> [YOUR TASK]
With the pictures left out, write out the records verbatim.

(Brief descriptive captions)

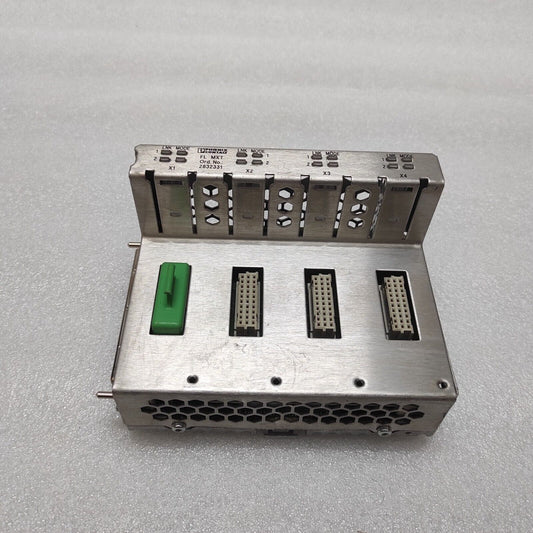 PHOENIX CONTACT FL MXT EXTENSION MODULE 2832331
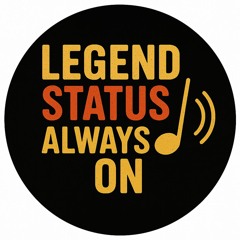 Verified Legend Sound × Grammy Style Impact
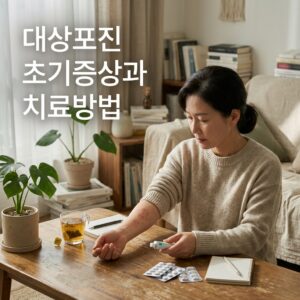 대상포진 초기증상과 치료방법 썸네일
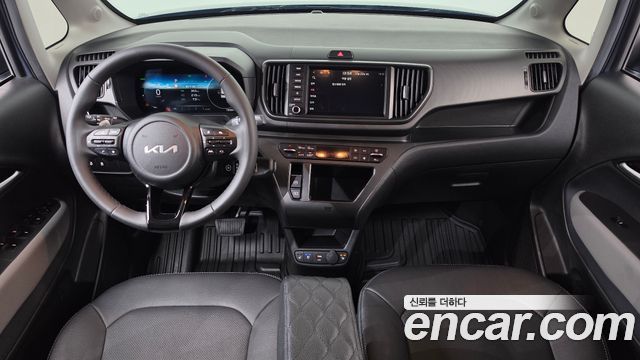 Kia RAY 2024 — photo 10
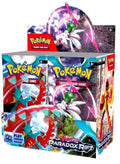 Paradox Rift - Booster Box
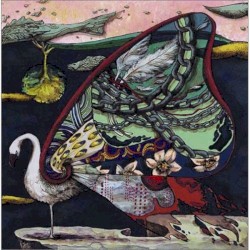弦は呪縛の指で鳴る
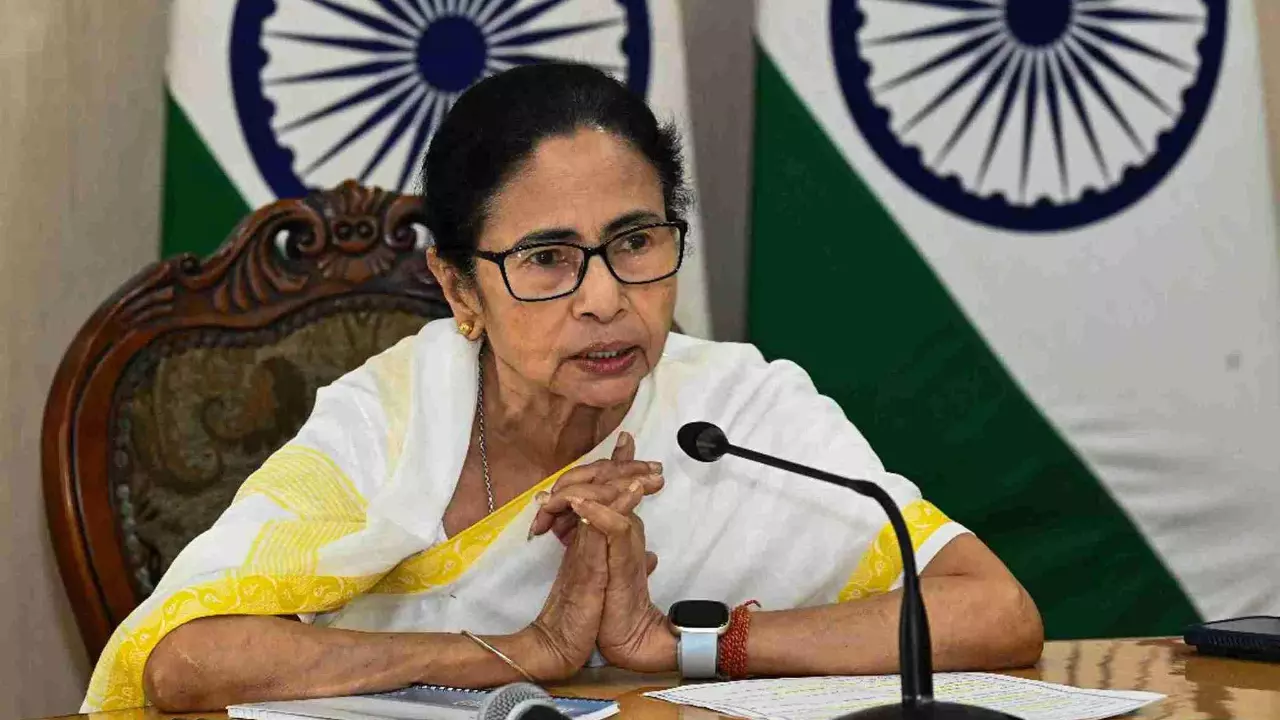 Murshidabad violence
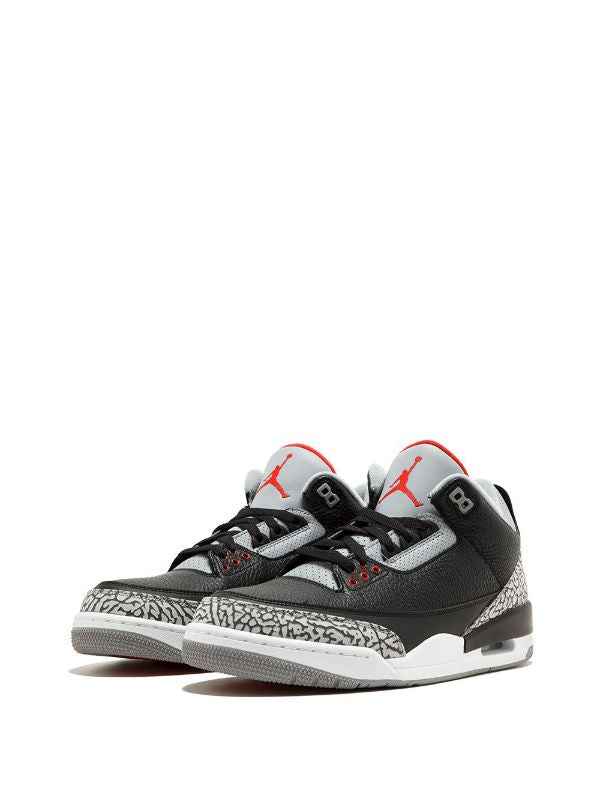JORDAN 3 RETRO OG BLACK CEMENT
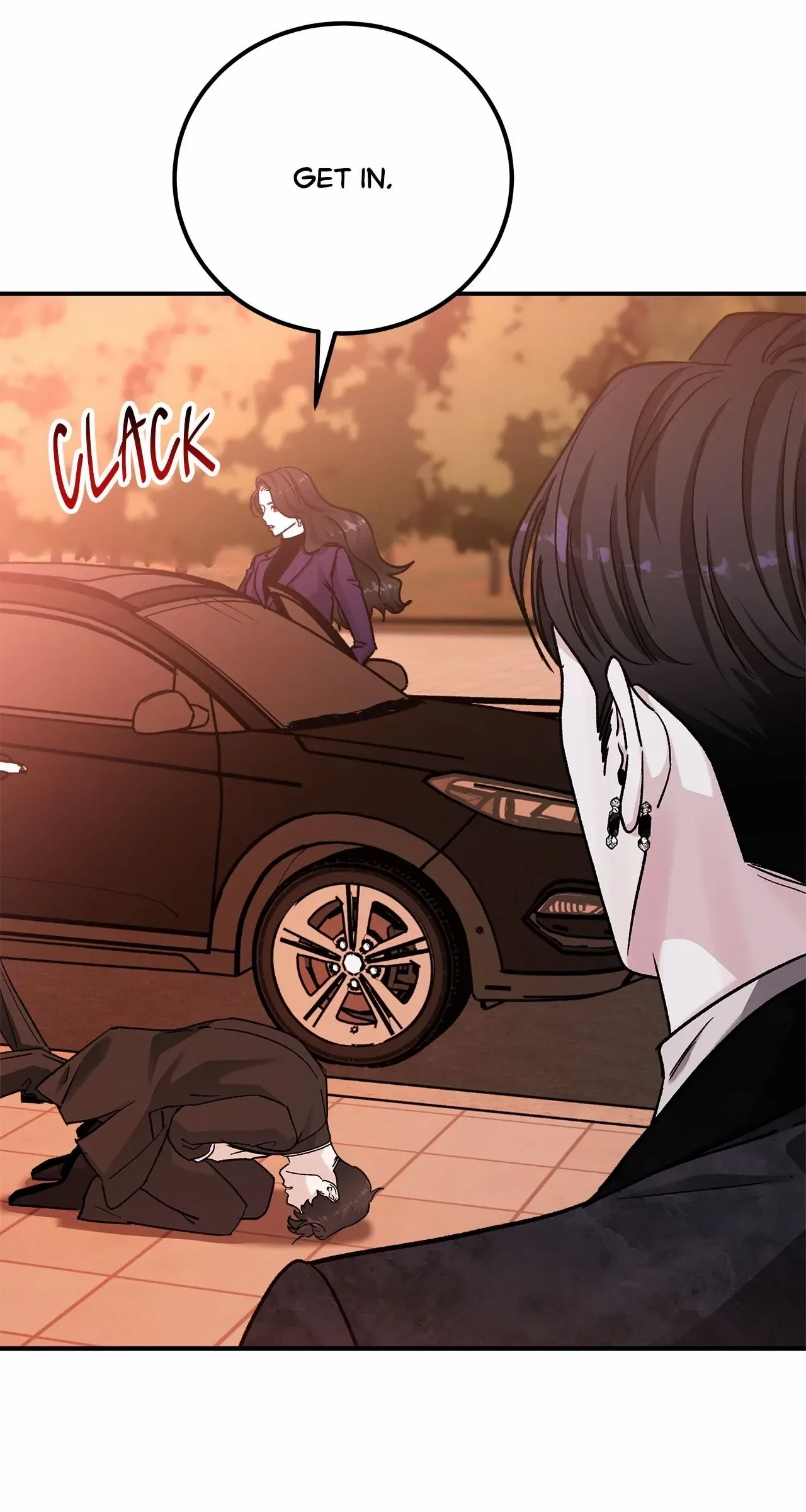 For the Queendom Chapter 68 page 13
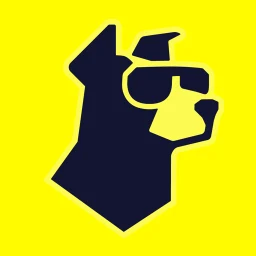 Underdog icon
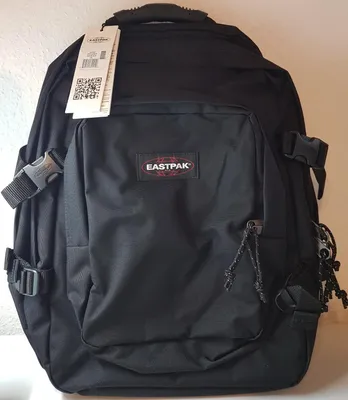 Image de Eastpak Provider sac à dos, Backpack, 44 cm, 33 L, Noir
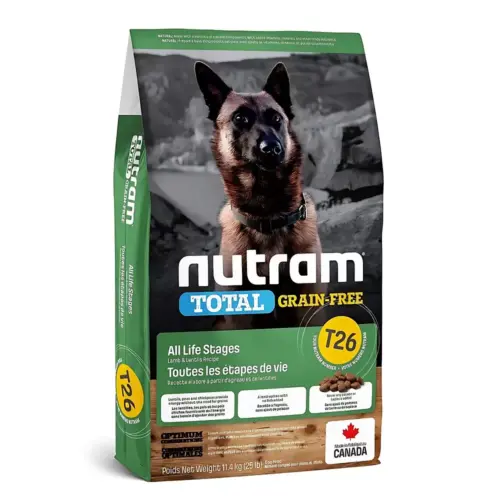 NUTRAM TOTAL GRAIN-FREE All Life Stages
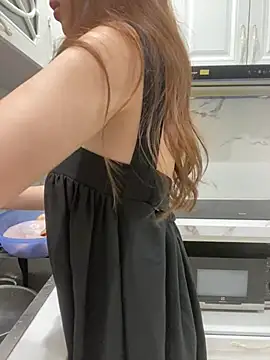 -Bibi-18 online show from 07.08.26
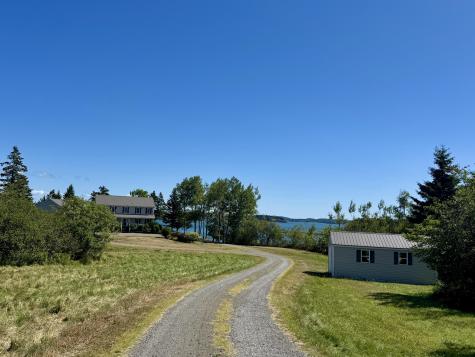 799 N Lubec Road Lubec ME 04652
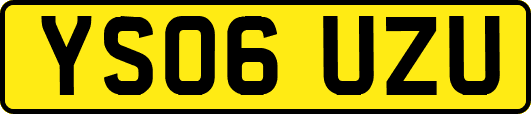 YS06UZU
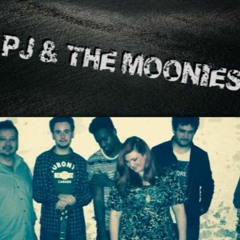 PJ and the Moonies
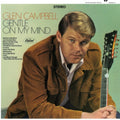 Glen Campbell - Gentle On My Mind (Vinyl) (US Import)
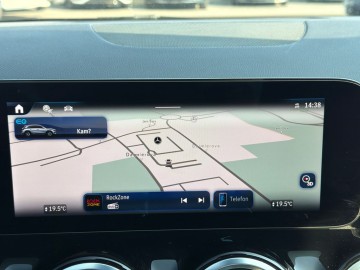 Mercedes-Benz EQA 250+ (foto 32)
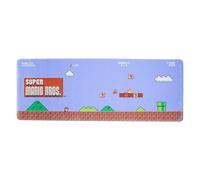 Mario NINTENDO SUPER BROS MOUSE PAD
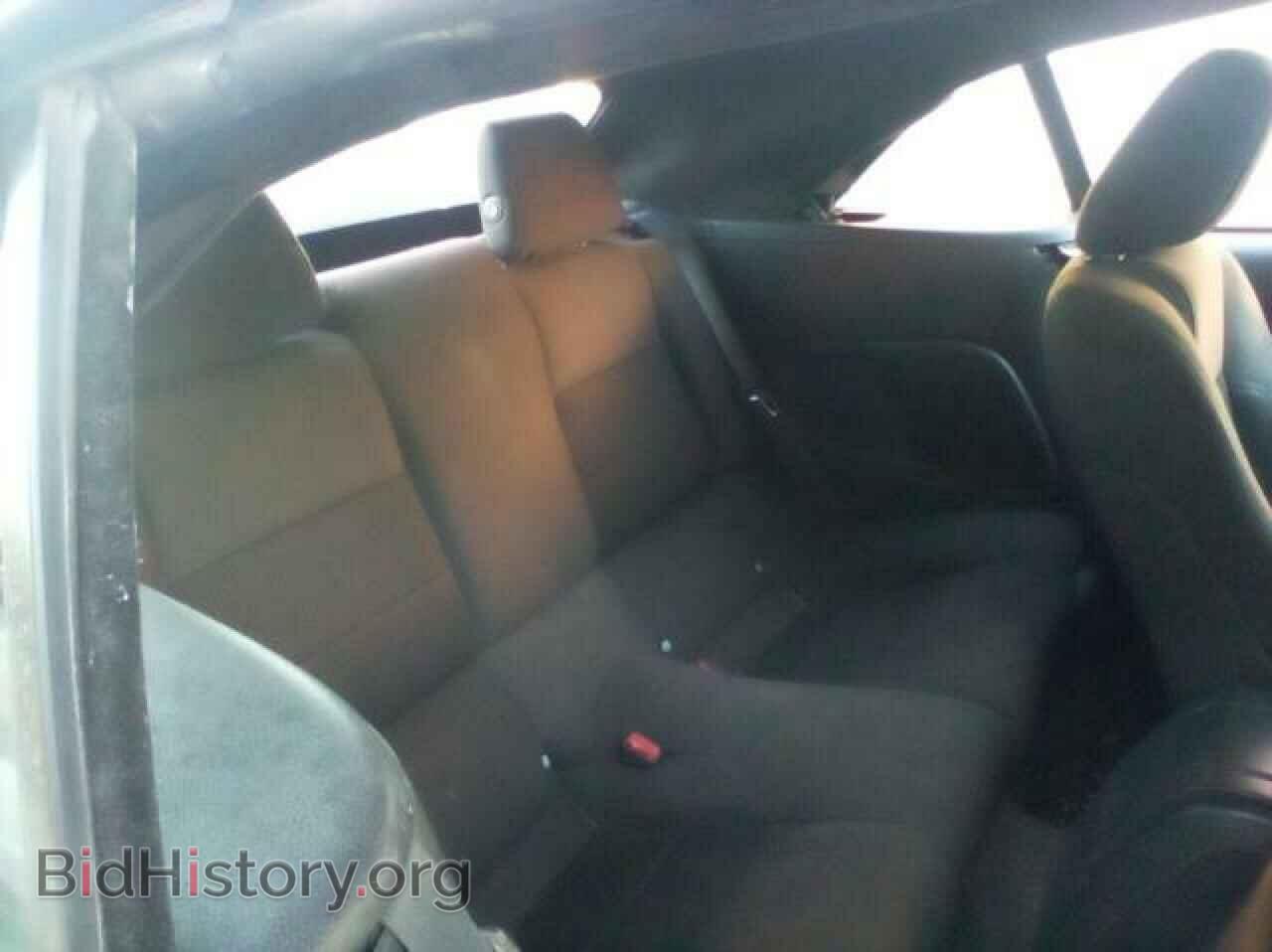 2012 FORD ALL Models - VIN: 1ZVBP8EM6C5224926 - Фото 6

> [YOUR RESPONSE]
 PHOENIX CONTACT FL MXT EXTENSION MODULE 2832331
 Verified Legend Sound × Grammy Style Impact
 대상포진 초기증상과 치료방법 썸네일
 Kia RAY 2024 — photo 10
 Paradox Rift - Booster Box
弦は呪縛の指で鳴る
 Murshidabad violence
JORDAN 3 RETRO OG BLACK CEMENT
 For the Queendom Chapter 68 page 13
 Underdog icon
 Image de Eastpak Provider sac à dos, Backpack, 44 cm, 33 L, Noir
 NUTRAM TOTAL GRAIN-FREE All Life Stages
 -Bibi-18 online show from 07.08.26
 799 N Lubec Road Lubec ME 04652
 YS06UZU
 PJ and the Moonies
 Glen Campbell - Gentle On My Mind (Vinyl) (US Import)
 Mercedes-Benz EQA 250+ (foto 32)
 Mario NINTENDO SUPER BROS MOUSE PAD
 2012 FORD ALL Models - VIN: 1ZVBP8EM6C5224926 - Фото 6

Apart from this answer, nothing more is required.